YOUR OBJECTIVE: All the data that follows should be repeated exactly, without a single picture.
Top of PROVIDED MATERIAL
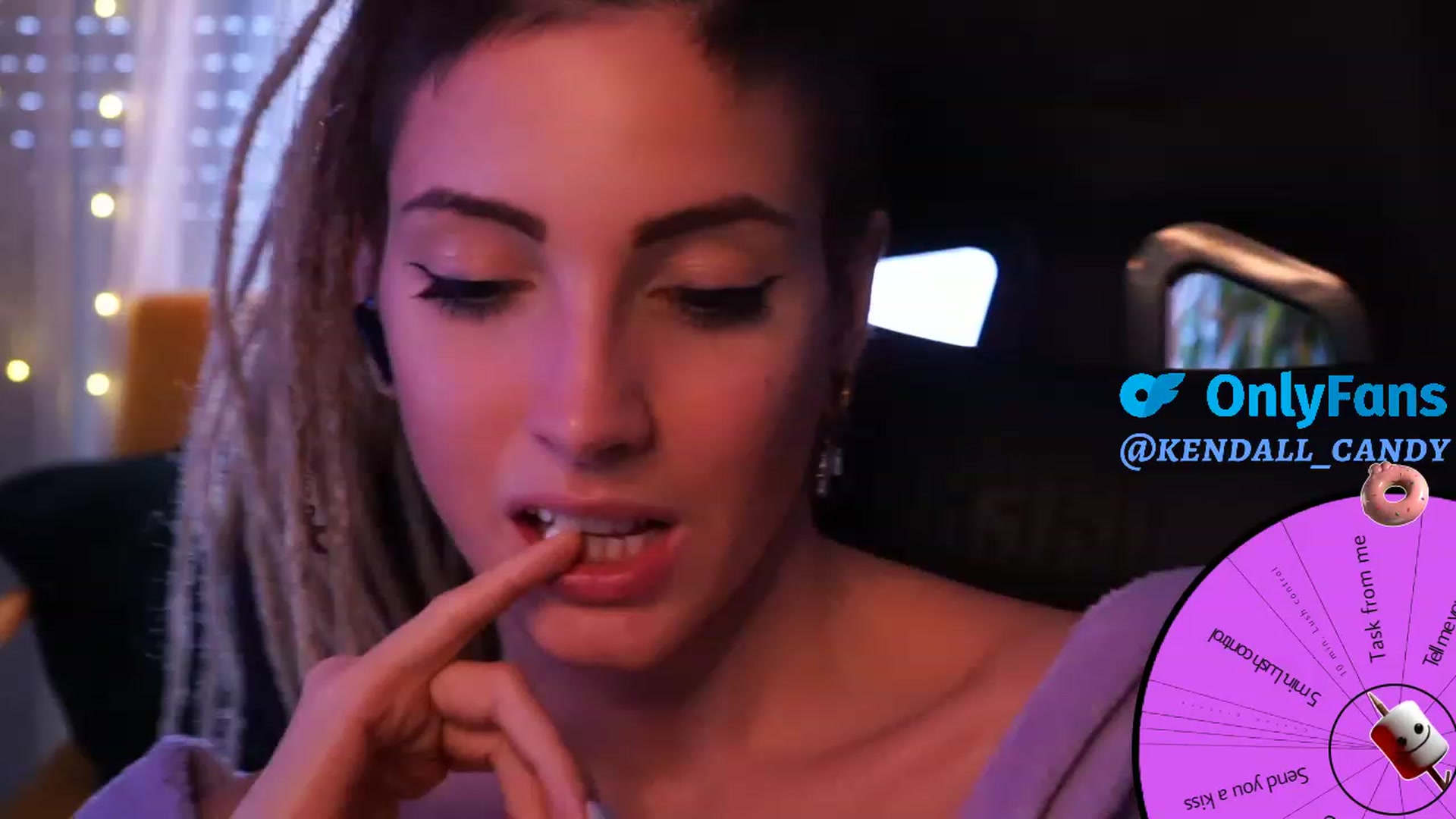 Gallery image thumbnail from Kend_dall's myfreecams stream on, 11/16/2023, 12:47 image 20 of 20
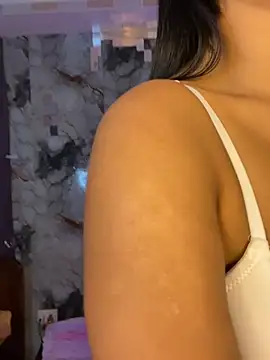 SaharQamar Obrolan Langsung XXX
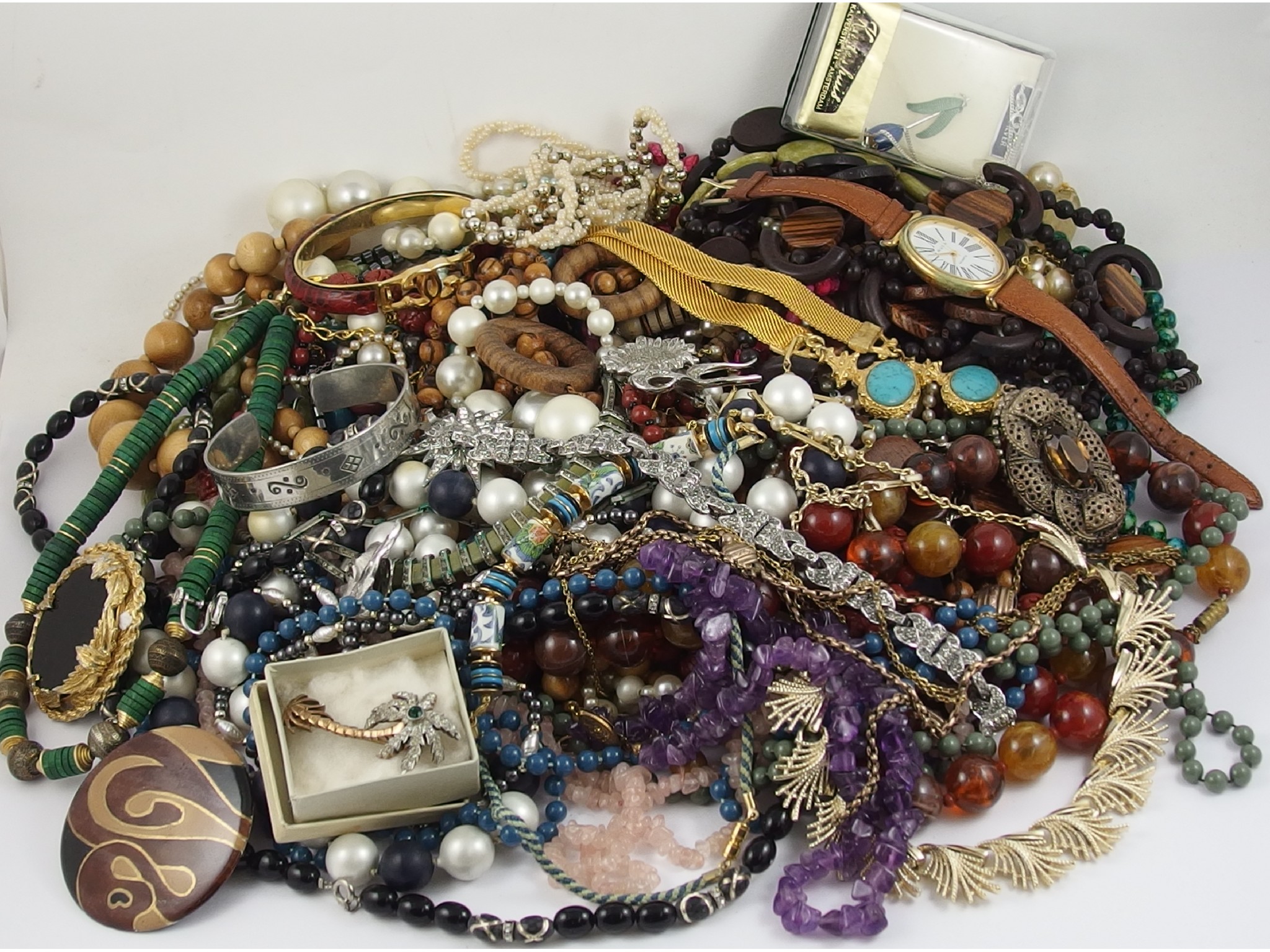 Appraisal: A large collection of vintage costume jewellery to include jet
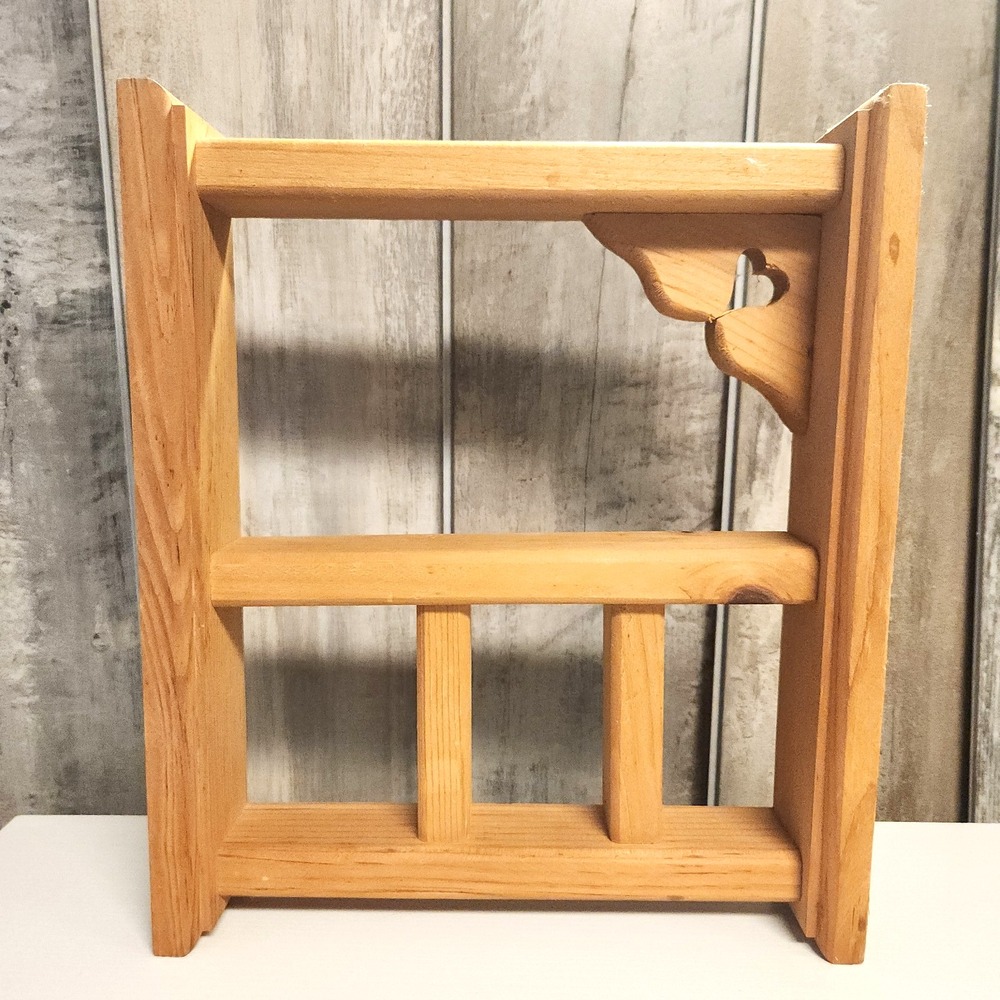 Vintage Wooden Wall Curio Heart Cut Out Shadow Box Country Cottage Display Shelf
Bottom of PROVIDED MATERIAL
TASK SOLUTION:
 Gallery image thumbnail from Kend_dall's myfreecams stream on, 11/16/2023, 12:47 image 20 of 20
 SaharQamar Obrolan Langsung XXX
 Appraisal: A large collection of vintage costume jewellery to include jet
 Vintage Wooden Wall Curio Heart Cut Out Shadow Box Country Cottage Display Shelf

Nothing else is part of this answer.